Gottesdienst unplugged?

So stellt man sich das doch in Mali vor, oder? Echter Gesang, Trommeln, Tanz – das wars. Nix elektrisches oder sowas. Aber der Mix im wirklichen Leben ist völlig anders. Ich erinnere mich noch gut daran, wie ich vor wenigen Jahren in Dougourakoro begeistert war, mit was für einem zusammengeschusterten Schlagzeug Musik gemacht wurde, ohne dass sich die Musiker von der geringen Qualität des Instrumentes frustrieren ließen. Heute im Gottesdienst nur wenige Kilometer davon entfernt im Dorf Bougouda haut mich die Mischung von traditionell und modern von den Socken: na klar, getrommelt wird auf einer Djembe und einem viereckigen mit Fell überspannten Holzkasten. Aber auch eine E-Gitarre darf nicht fehlen und die Solisten nutzen Mikro und Verstärker mit Autobatterie, um gegen die Gemeinde anzukommen. So weit so gut, aber dann sitzt neben mir auf der Bank ein junger Mann und tippt immer auf sein Smartphone. Was macht der denn da mitten im Gottesdienst? Ich schiele rüber auf sein Display und entdecke dann auch das Kabel, was sich – in abenteuerlicher Weise zusammen gelötet – zum Verstärker schlängelt. Und der tippt keine Nachrichten an seine Kumpels, der hat eine Schlagzeug-App und haut mit 2 Fingern auf Becken und Snare-Drum rum. Ne, oder? Draußen kochen die Frauen das Essen in einem riesigen Topf auf dem offenen Feuer, das Dach wird von der abenteuerlichen Konstruktion eines Gerbergelenkes mit Motorradketten gehalten (da schlägt doch das Herz eines Zimmermanns höher – oder rutscht es ihm eher in die Hose??) und daneben wird Schlagzeug per App gespielt.
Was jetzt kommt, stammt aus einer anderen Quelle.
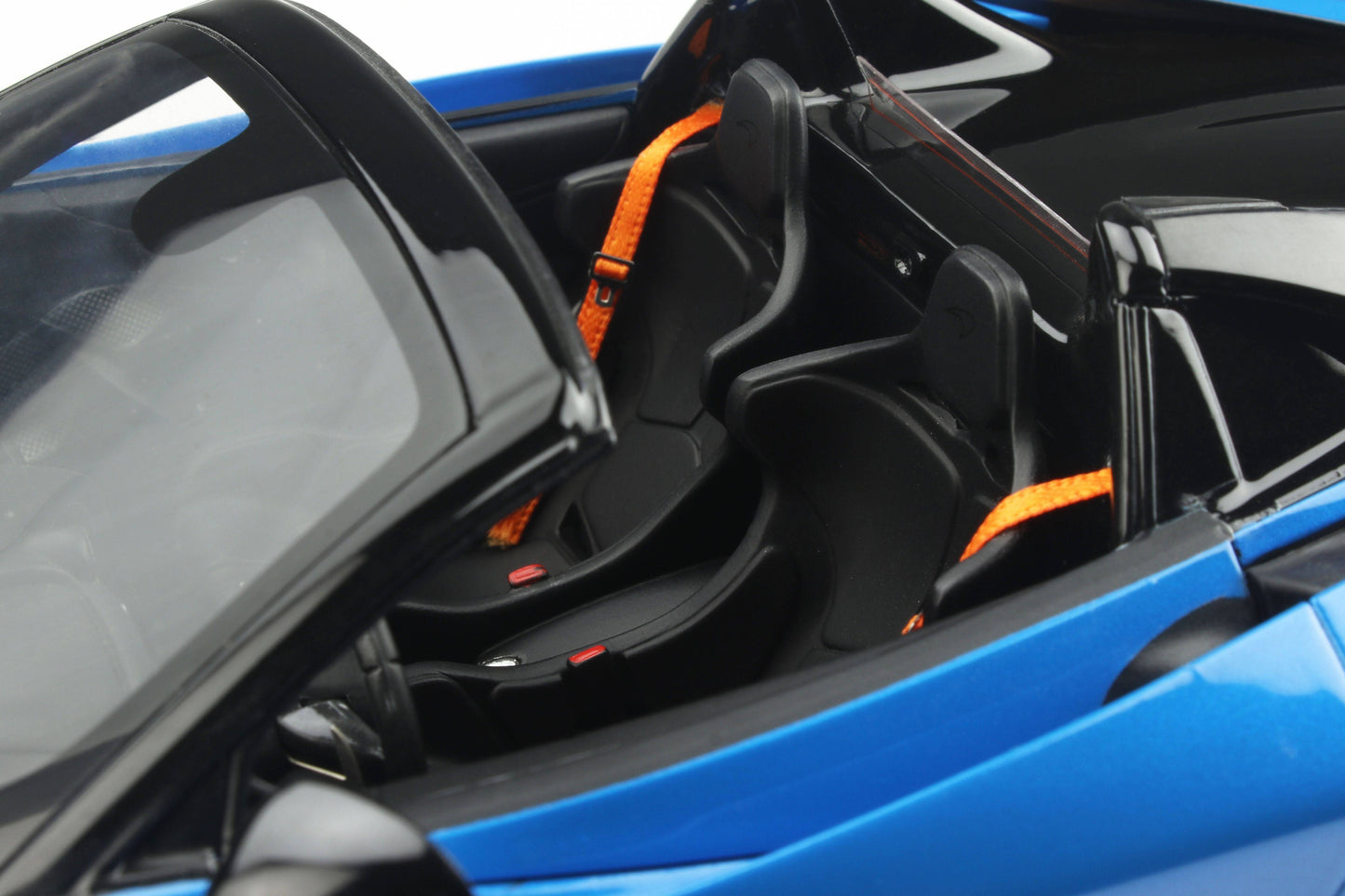 GT Spirit - McLaren 765LT Spider (Amit Blue) 1:18 Scale Model Car - Model Cars Canada Inc.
Für mich scheinen das 2 Welten zu sein, die nicht zusammen passen – für die Menschen hier ist das völlig selbstverständlich. Digitalisierung in Mali – in manchen Dingen sind die jungen Leute hier viel weiter als so mancher Altersgenosse in Deutschland (und als ich schon allemal…). Denn die Möglichkeiten, die das eröffnet, werden hier vielleicht noch deutlicher: ein Schlagzeug zu kaufen kostet viel Geld in der Anschaffung und dann auch in der Pflege – eine App kostet ein paar Euro oder auch gar nichts. Und Smartphones haben hier fast alle.

Irgendwie bin ich begeistert von der Selbstverständlichkeit, mit der hier alles zusammen zu gehen scheint, irgendwie sehne ich mich auch zurück nach „unplugged“. Und ich frage mich, was das für unsere Arbeit für Auswirkungen hat oder haben könnte – wo wir in unserem Denken und Handeln moderner werden sollten und die Chancen der digitalen vernetzenden Technik besser nutzen können.